そして1945年7月には日本は戦争遂行能力をほぼなくしていた。そこに米国、英国、中国の連名で日本に降伏勧告(ポツダム宣言)がされる。しかし特に陸軍は敗戦を承知しない。その時陸軍から日本国民に出た命令は日本本土に米軍が来たら竹槍を持って戦え、米国軍人は腹が弱点だからそこを狙って刺せというもので、つまりは全員死ねということだった。
陸軍に気をつかう(そうでないとクーデターされる)鈴木首相は7月28日の記者会見でついつい「ポツダム宣言を黙殺」と言ってしまう。その結果、8月6日に広島に原爆が落とされる。日をおいて長崎にも落とされた。

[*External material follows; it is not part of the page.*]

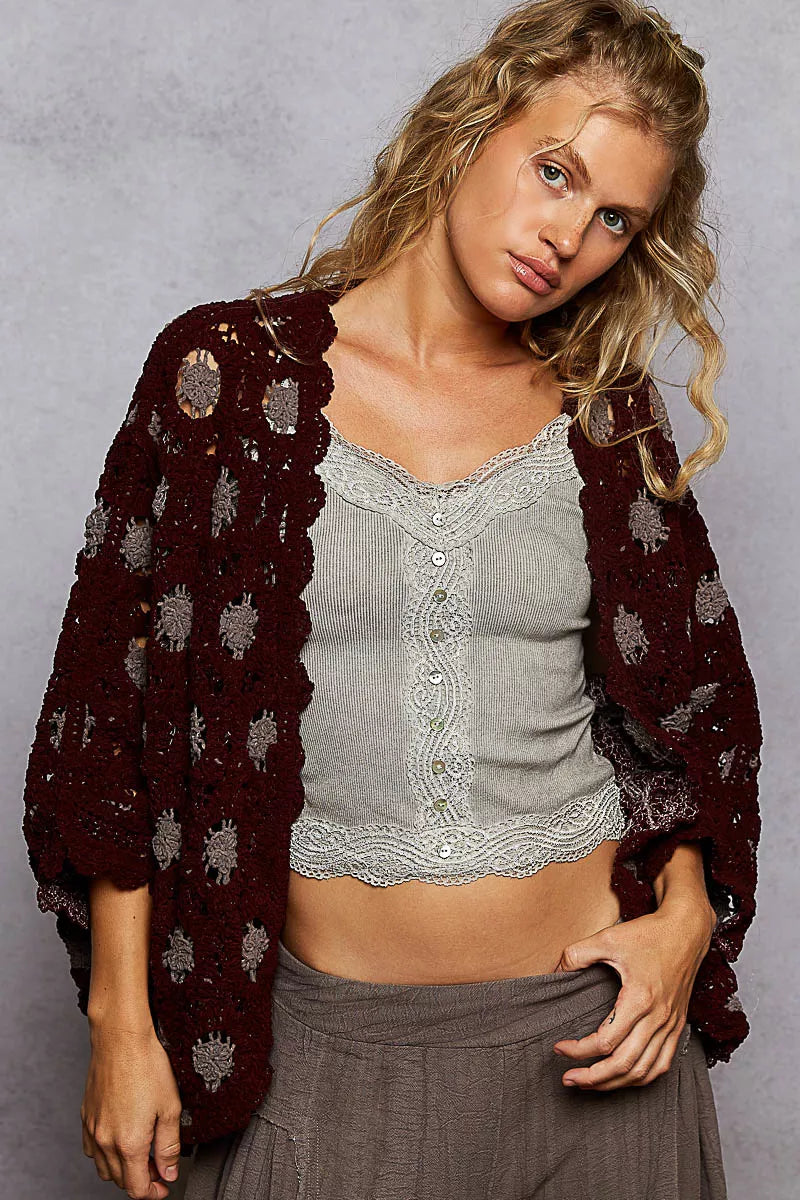 POL Openwork V-Neck Chenille Cardigan with Contrast Floral Burgundy Grey | Cardigans Daverri Fashions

遂に天皇は終戦の決定(聖断)をするが、これは天皇とは言えタイミングを見る必要があった。確かに天皇には絶対的権限があったが、陸軍の多くの将校にしてみれば天皇裕仁は現在の天皇に過ぎず、一番大切なのは万世一系の天皇を戴く<国体>であって、国体のためなら現天皇を除くこともあり得るという考えだったのだ。
そして8月14日にポツダム宣言受諾を連合国に回答する日が来た。しかしこれはただ回答するだけではだめで、日本側の手続きとして閣議決定、天皇のハンコをもらう、閣僚全員の署名などが必要でこれがもめにもめた。陸軍大臣と海軍大臣がけんかなんかするからわけがわからない状態になったのだ。

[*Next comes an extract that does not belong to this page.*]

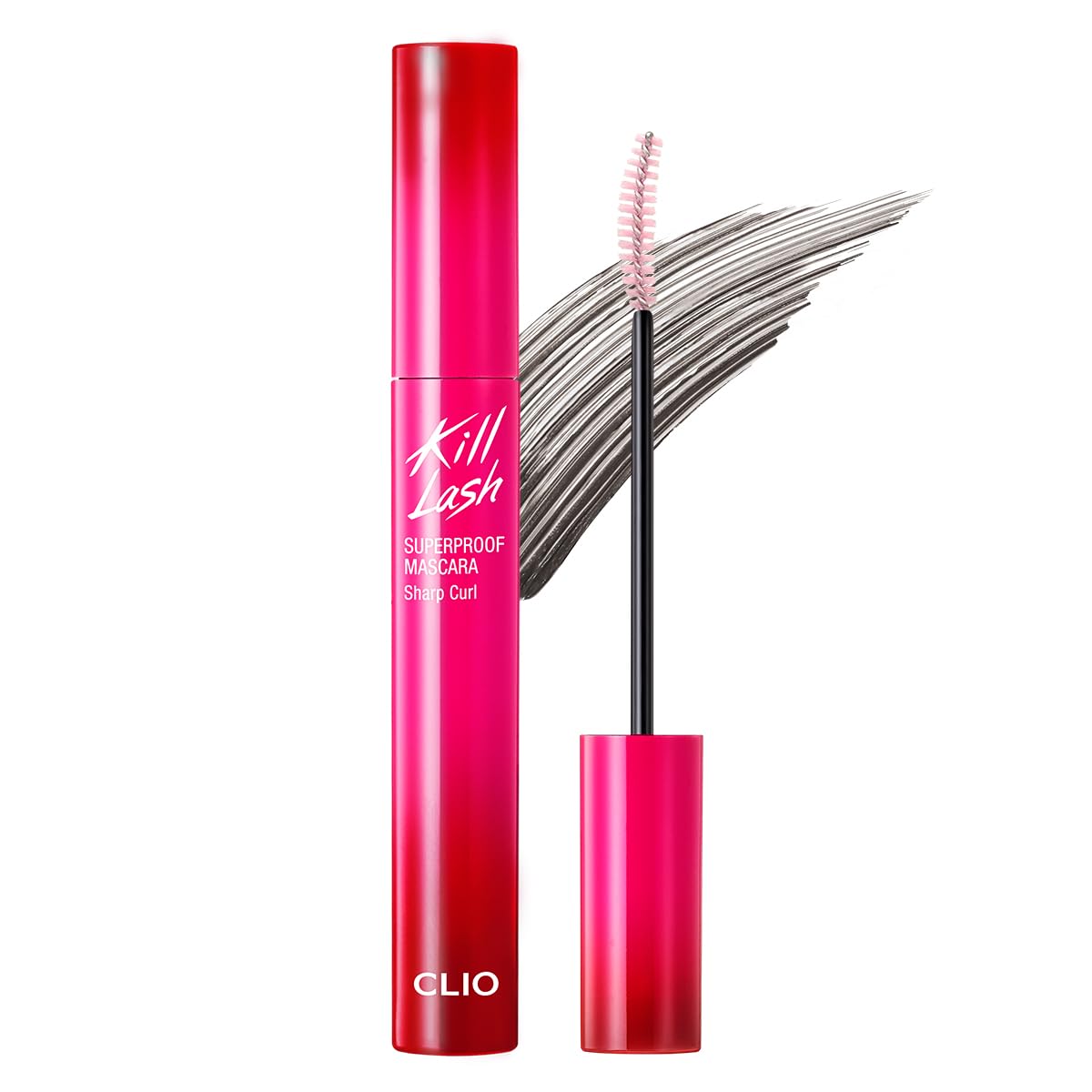 CLIO Kill Lash Superproof Mascara tube showing waterproof formula for all-day hold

とにかくすべてが終わったのが午後11時。長い日だった。しかしこれから日本のいちばん長い日が始まるのだった。
閣議は終わった、その直後、天皇が国民に日本の降伏を宣言する放送の録音をした。
日が変わって8月15日になり午前1時、畑中少佐、椎崎中佐、窪田少佐、上原大尉らが森近衛師団長を殺害。師団長印を使用して偽命令書を作る。それによれば「皇居を占領し外周に対して皇室を防御スベシ」 畑中少佐は直ちにこの命令書を持って皇居に出向き、芳賀連隊長にこの命令書を見せる。芳賀連隊長はこの命令は、東部軍、近衛師団が結束して天皇に対して降伏の翻意をお願いする作戦と理解、ただちに皇居を封鎖する。畑中少佐はこれは森師団長、阿南陸軍大臣、田中東部軍司令官も承知でまもなく3人共に皇居に来ると嘘をつく。しかしいつまでたってもその3人が皇居にやってこないので、次第に芳賀連隊長が疑い出し、畑中少佐、椎崎中佐は苦労しはじめる。
そして、最後に田中東部軍司令官が皇居に駆け付けすべてを治めるのが午前6時であった。兵は命令によって動いているだけなので、上からの命令には従うのである。

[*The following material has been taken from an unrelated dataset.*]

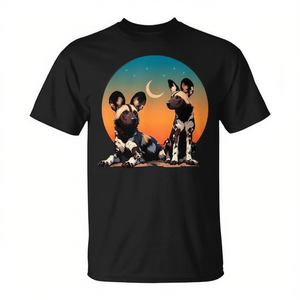 Camiseta con estampado de perros salvajes africanos, puesta de sol y luna, para amantes de la vida silvestre - Product Image 2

ふーむ、これだけ知ってれば、より映画も興味深く見れるであろう。
私の彼女の仰天するところだけど、歴史もの映画の理解を深めるためにその後の展開を親切に説明しようとすると「ストーリーを先に話すな」と怒るんだぜ。だってよ、歴史的事実を話してるだけなんだぜ。びっくりしちゃうぜ。